While the percent of cases requiring hospitalization appears to be lower than in earlier waves, the massive number of cases means that our medical system is already being stressed. Hospitals in particular are overwhelmed. Whatever we can do to protect our hospital, ambulance, and other infrastructure right now is essential.

“There’s a good chance that this is the week when the health care system in the US breaks, and most people (outside of those working in health care) don’t seem terribly concerned,” Jon Levy, chair of Boston University’s School of Public Health Environmental Health Department, said on Twitter.

It’s time for us to step up and do our part.

“Forget anything you’ve heard about Omicron being ‘mild.’ It is HORRIFIC how it is ravaging our society and our hospitals and our health care workers,” wrote Dr. Robin Schoenthaler, a doctor at Mass General who’s been chronicling Covid-19 regularly since March 2020. “Please do everything you can to not get Omicron this month.”

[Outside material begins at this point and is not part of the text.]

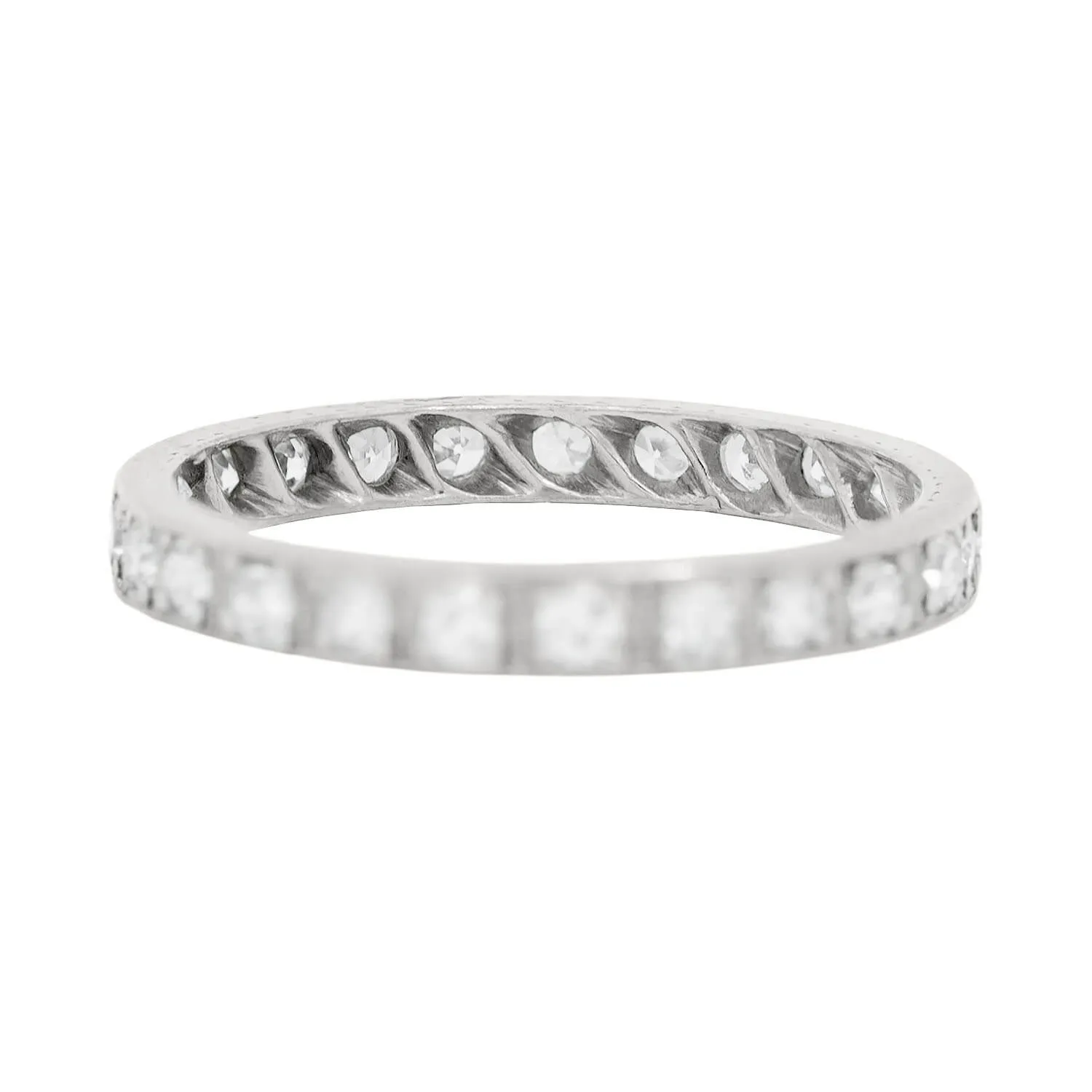 Art Deco Platinum Diamond Eternity Band 0.40ctw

While most vaccinated and boosted people are well protected against serious illness from Omicron, most is not all. We must think about protecting our seniors and others among us who are still at high risk such as cancer patients and organ transplant recipients — and our neighbors who have such medically vulnerable people in their households. We not only need to protect service workers and others who themselves are at high risk but those who live with people at high risk. We must make a safer environment for the elderly and medically vulnerable during this unprecedented surge. And we must protect our hospital infrastructure for all who need it.

We also should safeguard children too young to be vaccinated or boosted, and the vast majority of our residents who are not yet protected by boosters.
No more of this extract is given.